■ INFORMATION GIVEN
=======

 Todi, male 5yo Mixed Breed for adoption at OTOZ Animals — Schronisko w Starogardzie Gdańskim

=======

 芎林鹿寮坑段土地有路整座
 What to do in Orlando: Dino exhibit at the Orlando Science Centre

=======

■ TASK
What you give back should be exactly the lines of the data above from the line with "芎林鹿寮坑段土地有路整座" through the line with "What to do in", both of those included, and nothing more.

■ ANSWER SECTION
 芎林鹿寮坑段土地有路整座
 What to do in Orlando: Dino exhibit at the Orlando Science Centre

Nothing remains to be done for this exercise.